The effect of addition of gallium on the thermal stability and crystallization kinetic parameters of GaxSe100−x glass system

Differential scanning calorimetry (DSC) technique was used to study the kinetics of amorphous to crystalline transformation for GaxSe100−x glass system (x=0, 2.5 and 5 at%). The kinetic parameters of GaxSe100−x glass system under non-isothermal conditions are analyzed by the model-free and model-fitting models at different constant heating rates (5-50 K/min). A strong heating rate dependence of the effective activation energy of crystallization was observed. The analysis of the present data shows that the effective activation energy of crystallization is not constant but varies with the degree of crystallization and with temperature as well. The crystallization mechanisms examined using the local Avrami exponents indicate that one mechanism (volume nucleation with one-dimensional growth) is responsible for the crystallization process for heating rates 5-50 K/min for Se glass and two mechanisms (volume nucleation with two- and one-dimensional growth) are working simultaneously during the amorphous-crystalline transformation of the Ga2.5Se97.5 and Ga5Se95 glasses (5-50 K/min).
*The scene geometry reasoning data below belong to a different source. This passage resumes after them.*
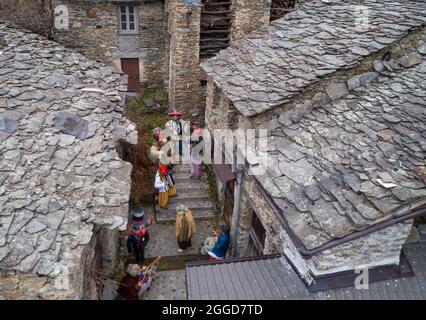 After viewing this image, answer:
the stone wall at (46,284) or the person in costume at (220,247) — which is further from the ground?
the stone wall at (46,284)

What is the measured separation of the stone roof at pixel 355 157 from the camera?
5.90 meters

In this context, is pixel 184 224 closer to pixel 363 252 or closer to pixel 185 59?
pixel 363 252

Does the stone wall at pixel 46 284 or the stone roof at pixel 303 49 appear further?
the stone roof at pixel 303 49

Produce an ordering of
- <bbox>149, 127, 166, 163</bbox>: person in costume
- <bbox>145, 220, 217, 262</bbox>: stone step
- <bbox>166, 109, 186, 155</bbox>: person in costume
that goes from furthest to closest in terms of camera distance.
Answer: <bbox>166, 109, 186, 155</bbox>: person in costume, <bbox>149, 127, 166, 163</bbox>: person in costume, <bbox>145, 220, 217, 262</bbox>: stone step

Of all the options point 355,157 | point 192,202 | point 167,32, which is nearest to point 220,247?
point 192,202

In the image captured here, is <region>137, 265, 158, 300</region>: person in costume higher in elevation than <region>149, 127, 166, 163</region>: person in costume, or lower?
lower

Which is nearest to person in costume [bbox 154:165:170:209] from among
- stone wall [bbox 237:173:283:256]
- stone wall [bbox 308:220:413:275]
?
stone wall [bbox 237:173:283:256]

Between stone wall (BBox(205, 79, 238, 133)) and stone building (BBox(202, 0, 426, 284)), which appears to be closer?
stone building (BBox(202, 0, 426, 284))

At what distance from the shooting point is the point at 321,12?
10.7 metres

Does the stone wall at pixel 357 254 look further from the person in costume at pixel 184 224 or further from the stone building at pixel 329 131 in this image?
the person in costume at pixel 184 224

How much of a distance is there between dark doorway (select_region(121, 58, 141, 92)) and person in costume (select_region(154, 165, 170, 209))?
6.82 meters

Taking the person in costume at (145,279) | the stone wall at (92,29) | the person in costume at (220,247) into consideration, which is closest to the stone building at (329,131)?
the person in costume at (220,247)

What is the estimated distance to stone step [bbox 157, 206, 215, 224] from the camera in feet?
37.7

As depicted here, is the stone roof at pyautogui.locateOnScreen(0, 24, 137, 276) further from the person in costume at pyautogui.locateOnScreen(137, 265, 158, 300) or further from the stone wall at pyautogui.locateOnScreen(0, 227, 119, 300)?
the person in costume at pyautogui.locateOnScreen(137, 265, 158, 300) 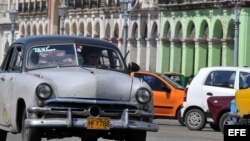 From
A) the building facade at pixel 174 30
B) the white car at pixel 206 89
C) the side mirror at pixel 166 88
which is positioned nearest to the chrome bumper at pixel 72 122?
the white car at pixel 206 89

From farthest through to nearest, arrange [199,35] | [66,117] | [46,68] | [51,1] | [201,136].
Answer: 1. [51,1]
2. [199,35]
3. [201,136]
4. [46,68]
5. [66,117]

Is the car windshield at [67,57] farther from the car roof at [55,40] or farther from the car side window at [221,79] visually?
the car side window at [221,79]

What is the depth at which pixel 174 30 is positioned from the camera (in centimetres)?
7431

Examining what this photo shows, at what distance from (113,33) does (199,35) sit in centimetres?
1810

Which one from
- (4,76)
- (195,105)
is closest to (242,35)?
(195,105)

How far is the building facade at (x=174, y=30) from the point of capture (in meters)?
64.8

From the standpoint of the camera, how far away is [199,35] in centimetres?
7025

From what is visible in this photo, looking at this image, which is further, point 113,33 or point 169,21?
point 113,33

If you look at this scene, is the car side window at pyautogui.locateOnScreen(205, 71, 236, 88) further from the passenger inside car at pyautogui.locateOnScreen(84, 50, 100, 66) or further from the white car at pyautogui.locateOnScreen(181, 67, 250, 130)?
the passenger inside car at pyautogui.locateOnScreen(84, 50, 100, 66)

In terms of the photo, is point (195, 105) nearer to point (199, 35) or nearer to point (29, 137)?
point (29, 137)

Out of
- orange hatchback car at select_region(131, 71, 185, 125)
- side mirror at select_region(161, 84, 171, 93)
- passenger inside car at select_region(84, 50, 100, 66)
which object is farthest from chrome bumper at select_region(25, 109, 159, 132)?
side mirror at select_region(161, 84, 171, 93)

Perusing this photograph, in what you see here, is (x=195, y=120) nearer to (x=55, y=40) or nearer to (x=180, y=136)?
(x=180, y=136)

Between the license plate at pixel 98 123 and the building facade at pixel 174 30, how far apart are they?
38.4 metres

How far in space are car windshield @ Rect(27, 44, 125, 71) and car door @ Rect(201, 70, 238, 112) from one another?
11493 mm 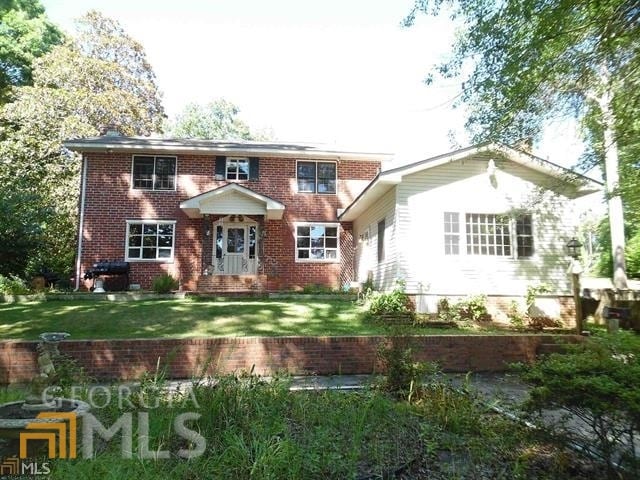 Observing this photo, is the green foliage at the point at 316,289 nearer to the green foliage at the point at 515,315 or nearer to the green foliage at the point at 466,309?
the green foliage at the point at 466,309

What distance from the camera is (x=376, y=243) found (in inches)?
610

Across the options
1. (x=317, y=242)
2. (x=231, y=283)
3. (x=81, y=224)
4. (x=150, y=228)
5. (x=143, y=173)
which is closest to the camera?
(x=231, y=283)

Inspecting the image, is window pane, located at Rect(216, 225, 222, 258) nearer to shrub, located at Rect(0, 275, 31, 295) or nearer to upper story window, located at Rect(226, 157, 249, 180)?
upper story window, located at Rect(226, 157, 249, 180)

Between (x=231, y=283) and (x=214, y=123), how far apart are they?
32.6 metres

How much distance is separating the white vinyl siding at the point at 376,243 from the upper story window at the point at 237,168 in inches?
211

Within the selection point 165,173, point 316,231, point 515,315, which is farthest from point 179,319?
point 165,173

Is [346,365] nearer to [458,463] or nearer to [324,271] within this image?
[458,463]

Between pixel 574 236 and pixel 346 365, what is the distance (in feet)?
29.5

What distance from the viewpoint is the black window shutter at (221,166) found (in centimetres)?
1897

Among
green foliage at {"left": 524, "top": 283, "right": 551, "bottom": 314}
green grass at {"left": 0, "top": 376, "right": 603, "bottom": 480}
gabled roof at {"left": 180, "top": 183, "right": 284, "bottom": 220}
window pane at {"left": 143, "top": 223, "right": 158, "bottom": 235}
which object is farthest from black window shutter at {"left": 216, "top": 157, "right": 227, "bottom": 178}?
green grass at {"left": 0, "top": 376, "right": 603, "bottom": 480}

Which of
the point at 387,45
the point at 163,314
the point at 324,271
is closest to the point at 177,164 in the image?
the point at 324,271

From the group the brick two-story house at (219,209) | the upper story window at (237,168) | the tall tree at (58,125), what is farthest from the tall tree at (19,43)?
the upper story window at (237,168)

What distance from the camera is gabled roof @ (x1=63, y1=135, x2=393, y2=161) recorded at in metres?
17.9

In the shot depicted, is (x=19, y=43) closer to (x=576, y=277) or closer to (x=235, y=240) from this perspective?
(x=235, y=240) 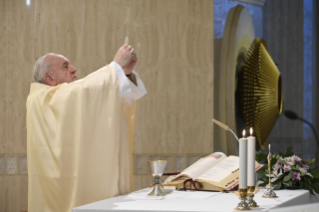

The reaction model that may describe crystallization process of all the compositions of GaxSe100−x glass system is Avrami-Erofeev model (g(α)=[−ln(1−α)]1/n) with n=2 for Se glass. While for Ga2.5Se97.5 and Ga5Se95 glasses, the values of n are equal to 3 and 2 for the heating rates 5-20 and 35-50 K/min, respectively. A good agreement between the experimental and the reconstructed (α-T) curves has been achieved. The transformation from amorphous to crystalline phase in GaxSe100−x glass system demonstrates complex multi-step involving several processes.